* Supplied material
--- START ---
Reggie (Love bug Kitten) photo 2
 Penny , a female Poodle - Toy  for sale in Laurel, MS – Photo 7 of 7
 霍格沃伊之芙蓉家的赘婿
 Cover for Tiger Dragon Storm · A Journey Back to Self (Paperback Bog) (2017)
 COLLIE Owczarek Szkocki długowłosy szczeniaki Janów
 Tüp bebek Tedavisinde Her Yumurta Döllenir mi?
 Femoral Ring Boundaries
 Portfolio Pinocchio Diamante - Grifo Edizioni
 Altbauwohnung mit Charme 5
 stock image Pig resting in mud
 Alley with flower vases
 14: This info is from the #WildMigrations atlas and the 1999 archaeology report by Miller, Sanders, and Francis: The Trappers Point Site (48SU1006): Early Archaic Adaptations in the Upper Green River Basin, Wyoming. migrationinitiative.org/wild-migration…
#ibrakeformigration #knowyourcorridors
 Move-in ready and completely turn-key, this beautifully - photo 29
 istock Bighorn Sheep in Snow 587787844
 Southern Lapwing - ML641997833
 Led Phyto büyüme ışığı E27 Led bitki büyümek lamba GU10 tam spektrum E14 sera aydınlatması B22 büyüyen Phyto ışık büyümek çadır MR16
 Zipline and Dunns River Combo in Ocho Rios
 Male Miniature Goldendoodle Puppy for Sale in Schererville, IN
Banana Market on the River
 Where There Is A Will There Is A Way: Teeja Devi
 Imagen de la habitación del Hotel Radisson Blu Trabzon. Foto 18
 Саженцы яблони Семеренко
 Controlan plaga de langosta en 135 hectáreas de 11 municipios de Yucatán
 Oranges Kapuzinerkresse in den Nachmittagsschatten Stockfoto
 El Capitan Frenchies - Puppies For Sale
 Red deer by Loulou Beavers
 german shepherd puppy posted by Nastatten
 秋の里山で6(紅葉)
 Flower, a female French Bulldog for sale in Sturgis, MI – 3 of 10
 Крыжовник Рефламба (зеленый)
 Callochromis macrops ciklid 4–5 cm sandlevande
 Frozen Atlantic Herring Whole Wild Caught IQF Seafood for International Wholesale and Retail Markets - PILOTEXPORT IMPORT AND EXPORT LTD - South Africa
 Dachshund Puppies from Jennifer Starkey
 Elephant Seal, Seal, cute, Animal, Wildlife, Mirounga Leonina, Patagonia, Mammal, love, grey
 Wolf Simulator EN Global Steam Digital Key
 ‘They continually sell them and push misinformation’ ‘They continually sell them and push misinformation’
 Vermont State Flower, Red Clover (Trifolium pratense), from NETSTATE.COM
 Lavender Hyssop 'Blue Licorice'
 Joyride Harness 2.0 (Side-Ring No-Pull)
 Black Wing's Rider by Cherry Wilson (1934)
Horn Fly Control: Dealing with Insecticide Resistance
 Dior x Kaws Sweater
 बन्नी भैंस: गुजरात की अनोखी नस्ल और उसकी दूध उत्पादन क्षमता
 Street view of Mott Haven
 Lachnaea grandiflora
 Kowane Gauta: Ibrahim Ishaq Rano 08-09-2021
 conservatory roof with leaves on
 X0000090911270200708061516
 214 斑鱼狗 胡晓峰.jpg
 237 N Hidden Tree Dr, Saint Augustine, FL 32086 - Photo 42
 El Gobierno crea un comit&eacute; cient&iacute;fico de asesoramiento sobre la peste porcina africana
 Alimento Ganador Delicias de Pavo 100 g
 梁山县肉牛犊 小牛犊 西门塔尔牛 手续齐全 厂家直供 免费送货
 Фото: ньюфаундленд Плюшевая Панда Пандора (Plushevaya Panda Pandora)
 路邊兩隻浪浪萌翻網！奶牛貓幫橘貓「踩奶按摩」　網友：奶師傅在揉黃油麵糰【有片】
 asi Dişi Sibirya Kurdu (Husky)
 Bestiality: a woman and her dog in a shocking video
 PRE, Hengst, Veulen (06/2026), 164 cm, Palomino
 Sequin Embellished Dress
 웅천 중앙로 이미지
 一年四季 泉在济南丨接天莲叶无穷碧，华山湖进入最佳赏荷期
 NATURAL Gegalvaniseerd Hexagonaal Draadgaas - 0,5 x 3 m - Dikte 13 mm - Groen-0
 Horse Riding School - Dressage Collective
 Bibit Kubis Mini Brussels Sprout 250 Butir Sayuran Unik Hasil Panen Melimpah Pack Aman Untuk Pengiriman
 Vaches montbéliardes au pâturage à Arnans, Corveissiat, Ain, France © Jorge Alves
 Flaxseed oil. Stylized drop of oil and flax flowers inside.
--- END ---
* Action item
Output the material verbatim, including every line.

* Result
Reggie (Love bug Kitten) photo 2
 Penny , a female Poodle - Toy  for sale in Laurel, MS – Photo 7 of 7
 霍格沃伊之芙蓉家的赘婿
 Cover for Tiger Dragon Storm · A Journey Back to Self (Paperback Bog) (2017)
 COLLIE Owczarek Szkocki długowłosy szczeniaki Janów
 Tüp bebek Tedavisinde Her Yumurta Döllenir mi?
 Femoral Ring Boundaries
 Portfolio Pinocchio Diamante - Grifo Edizioni
 Altbauwohnung mit Charme 5
 stock image Pig resting in mud
 Alley with flower vases
 14: This info is from the #WildMigrations atlas and the 1999 archaeology report by Miller, Sanders, and Francis: The Trappers Point Site (48SU1006): Early Archaic Adaptations in the Upper Green River Basin, Wyoming. migrationinitiative.org/wild-migration…
#ibrakeformigration #knowyourcorridors
 Move-in ready and completely turn-key, this beautifully - photo 29
 istock Bighorn Sheep in Snow 587787844
 Southern Lapwing - ML641997833
 Led Phyto büyüme ışığı E27 Led bitki büyümek lamba GU10 tam spektrum E14 sera aydınlatması B22 büyüyen Phyto ışık büyümek çadır MR16
 Zipline and Dunns River Combo in Ocho Rios
 Male Miniature Goldendoodle Puppy for Sale in Schererville, IN
Banana Market on the River
 Where There Is A Will There Is A Way: Teeja Devi
 Imagen de la habitación del Hotel Radisson Blu Trabzon. Foto 18
 Саженцы яблони Семеренко
 Controlan plaga de langosta en 135 hectáreas de 11 municipios de Yucatán
 Oranges Kapuzinerkresse in den Nachmittagsschatten Stockfoto
 El Capitan Frenchies - Puppies For Sale
 Red deer by Loulou Beavers
 german shepherd puppy posted by Nastatten
 秋の里山で6(紅葉)
 Flower, a female French Bulldog for sale in Sturgis, MI – 3 of 10
 Крыжовник Рефламба (зеленый)
 Callochromis macrops ciklid 4–5 cm sandlevande
 Frozen Atlantic Herring Whole Wild Caught IQF Seafood for International Wholesale and Retail Markets - PILOTEXPORT IMPORT AND EXPORT LTD - South Africa
 Dachshund Puppies from Jennifer Starkey
 Elephant Seal, Seal, cute, Animal, Wildlife, Mirounga Leonina, Patagonia, Mammal, love, grey
 Wolf Simulator EN Global Steam Digital Key
 ‘They continually sell them and push misinformation’ ‘They continually sell them and push misinformation’
 Vermont State Flower, Red Clover (Trifolium pratense), from NETSTATE.COM
 Lavender Hyssop 'Blue Licorice'
 Joyride Harness 2.0 (Side-Ring No-Pull)
 Black Wing's Rider by Cherry Wilson (1934)
Horn Fly Control: Dealing with Insecticide Resistance
 Dior x Kaws Sweater
 बन्नी भैंस: गुजरात की अनोखी नस्ल और उसकी दूध उत्पादन क्षमता
 Street view of Mott Haven
 Lachnaea grandiflora
 Kowane Gauta: Ibrahim Ishaq Rano 08-09-2021
 conservatory roof with leaves on
 X0000090911270200708061516
 214 斑鱼狗 胡晓峰.jpg
 237 N Hidden Tree Dr, Saint Augustine, FL 32086 - Photo 42
 El Gobierno crea un comit&eacute; cient&iacute;fico de asesoramiento sobre la peste porcina africana
 Alimento Ganador Delicias de Pavo 100 g
 梁山县肉牛犊 小牛犊 西门塔尔牛 手续齐全 厂家直供 免费送货
 Фото: ньюфаундленд Плюшевая Панда Пандора (Plushevaya Panda Pandora)
 路邊兩隻浪浪萌翻網！奶牛貓幫橘貓「踩奶按摩」　網友：奶師傅在揉黃油麵糰【有片】
 asi Dişi Sibirya Kurdu (Husky)
 Bestiality: a woman and her dog in a shocking video
 PRE, Hengst, Veulen (06/2026), 164 cm, Palomino
 Sequin Embellished Dress
 웅천 중앙로 이미지
 一年四季 泉在济南丨接天莲叶无穷碧，华山湖进入最佳赏荷期
 NATURAL Gegalvaniseerd Hexagonaal Draadgaas - 0,5 x 3 m - Dikte 13 mm - Groen-0
 Horse Riding School - Dressage Collective
 Bibit Kubis Mini Brussels Sprout 250 Butir Sayuran Unik Hasil Panen Melimpah Pack Aman Untuk Pengiriman
 Vaches montbéliardes au pâturage à Arnans, Corveissiat, Ain, France © Jorge Alves
 Flaxseed oil. Stylized drop of oil and flax flowers inside.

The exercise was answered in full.